Kevin Schawinski is a Swiss astrophysicist. He was a professor at ETH Zurich in Zürich.

Early life

Kevin Schawinski grew up in both Switzerland and Germany. His father is Swiss media entrepreneur Roger Schawinski.

Education

Kevin Schawinski graduated from Cornell University in the United States in 2004 with degrees in both physics and mathematics. Following that, he went to the University of Oxford, where he was a fellow at Christ Church College and later the "Henry Skynner Junior Research Fellow" at Balliol College. He was awarded the Royal Astronomical Society's 2008 Michael Penston Prize for his doctoral thesis "The Star Formation History of Early-type Galaxies". He received his D.Phil. in 2008.
While a graduate student at Oxford, Schawinski founded the citizen science project Galaxy Zoo along with researcher Chris Lintott, which later became the Zooniverse.

Career

From 2008 to 2012, Schawinski was a postdoctoral research associate at Yale University and in 2009 became a NASA Einstein Fellow.

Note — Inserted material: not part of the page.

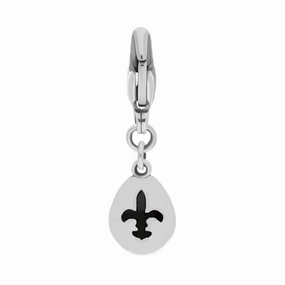 9ct White Gold Whitby Jet Pear Shaped Fleur De Lis Clip Charm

His research at Yale included studies of black holes, galaxy formation, and co-founding the citizen science project Planet Hunters.
In 2012, he became a professor in the Institute for Astronomy at ETH Zürich in Switzerland. He is the secretary of the Swiss Society of Astrophysics and Astronomy, the professional society of astronomers in Switzerland. The Gottlieb Duttweiler Institute named him one of the "Thought Leaders" of Switzerland in 2016. In 2017, he was awarded the European Astronomical Society's MERAC Prize as the best junior researcher in observational astrophysics. In 2017, he launched the Space.ml platform with Ce Zhang to apply artificial intelligence to astrophysics research.
Together with colleagues from ETH Zurich and the University of Zurich, he founded the Citizen Science Center Zurich.

Research

Schawinski has worked on a range of topics from galaxy evolution, black hole astrophysics, citizen science and artificial intelligence. He has published over 200 peer reviewed articles, including 6 in Nature and Science. His publications have been cited over 16,000 times.